The Killer: Goodbye, partner.
- Golden manages to make the killer even creepier, by adding him as Social Link. Provided you get the link high enough by the time the Investigation Team are trying to figure out the killer's identity, you get the option to protect him. Doing so initiates a Time Skip to the Protagonist's final day in Inaba, at which point he privately confronts Adachi and asks he's the killer. However, he continues to play dumb, right up until you choose to burn the letter that he sent you & was the only thing linking him to the crimes, at which point he makes this face◊; before not only admitting to his crimes, but pointing out that destroying evidence is a crime. He then tells the Protagonist that whenever he calls, he will pick up and will not to try to change his number, because Adachi will track him down. Worse yet, you still get the "Social Link Complete" sequence, in a pretty terrifying Mood Whiplash. In any case, enjoy the Accomplice Ending.

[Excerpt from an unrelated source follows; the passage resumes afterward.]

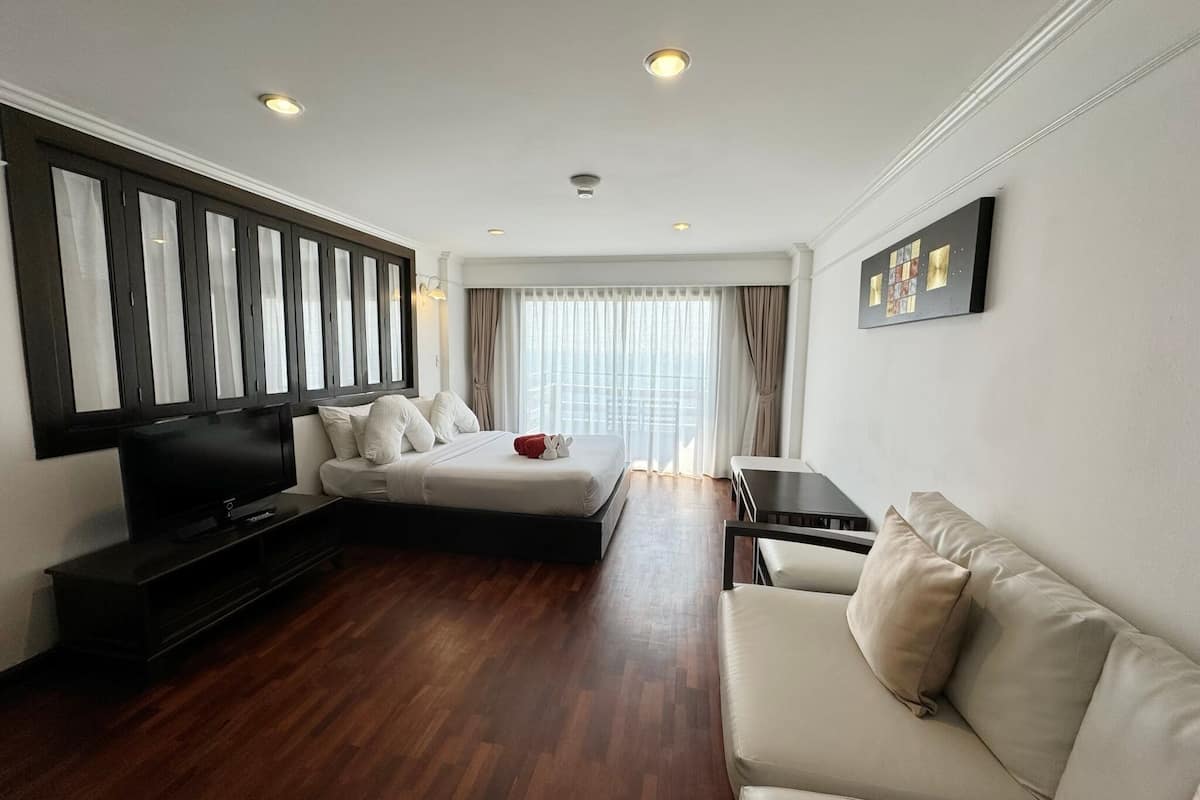 Junior Suite Family | 1 bedroom, desk, laptop workspace, blackout drapes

- The Reaper is back! Though this time, he's only a Chest Monster and the game not only alerts you if you try to open a Reaper chest, it will even confirm if you want to open it or ignore it instead.
- Golden makes it worse. Originally the Reaper could only show up on New Game+. In Golden, he shows up on the first playthrough. He'll be summoned if you open too many chests on a single dungeon floor. And how do you know he's arrived? Deep, animalistic roars and the sound of dragging chains. You're still warned if you find his chest, but getting away from that fucking sound is reason enough to get to the stairs.
- The manga often forgets to draw faces on the characters in some panels. It's unsettling when you read it for the first time and aren't expecting it.